- TASK: Beginning with the line that contains "Sky chart showing the Orionid meteor shower", repeat each line exactly through the end of the listing below. Pictures stay out.

- ENTRIES PROVIDED:
————————

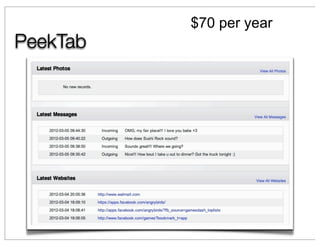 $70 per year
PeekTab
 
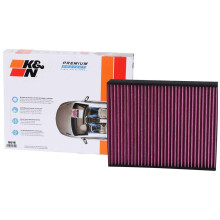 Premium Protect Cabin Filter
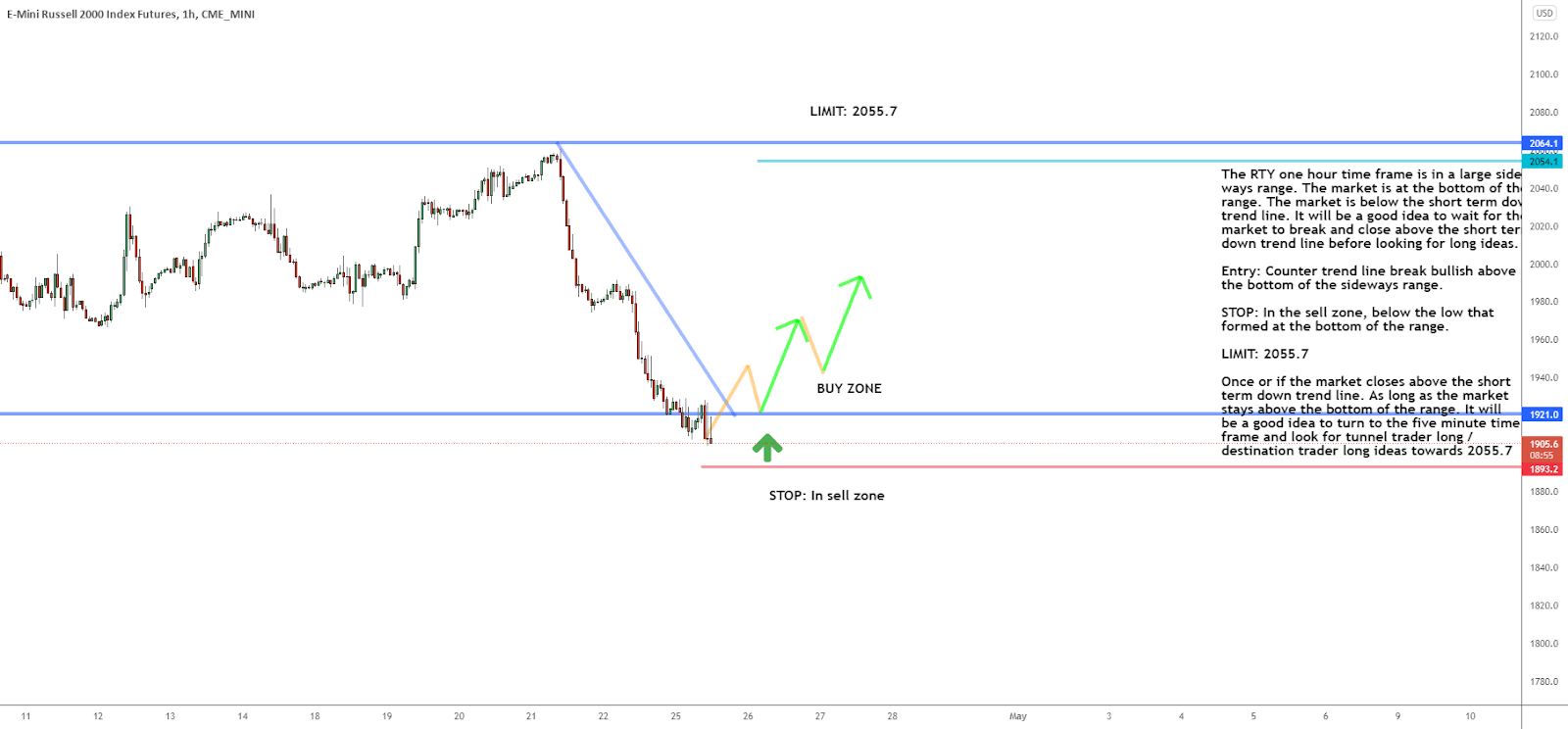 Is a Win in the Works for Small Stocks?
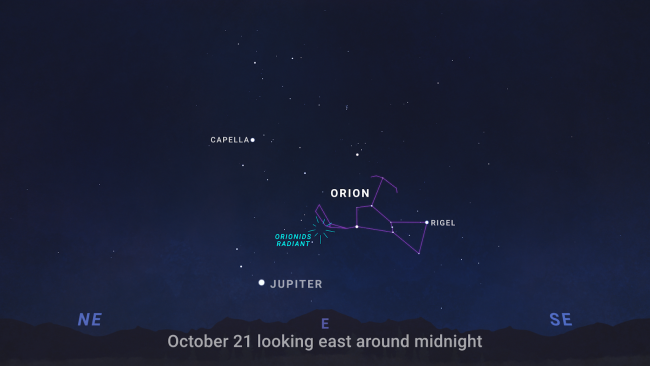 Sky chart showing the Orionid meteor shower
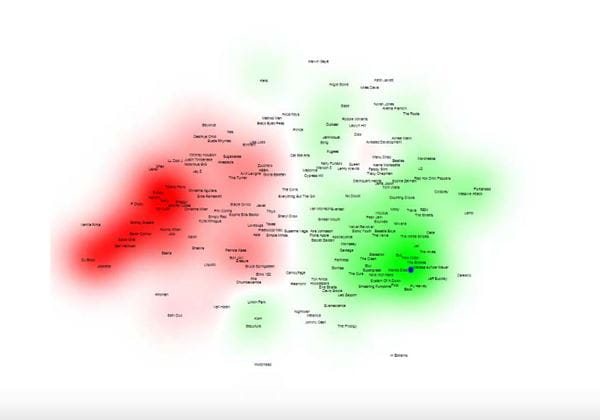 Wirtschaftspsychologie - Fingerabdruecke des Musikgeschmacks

————————

- YOUR SOLUTION:
 Sky chart showing the Orionid meteor shower
 Wirtschaftspsychologie - Fingerabdruecke des Musikgeschmacks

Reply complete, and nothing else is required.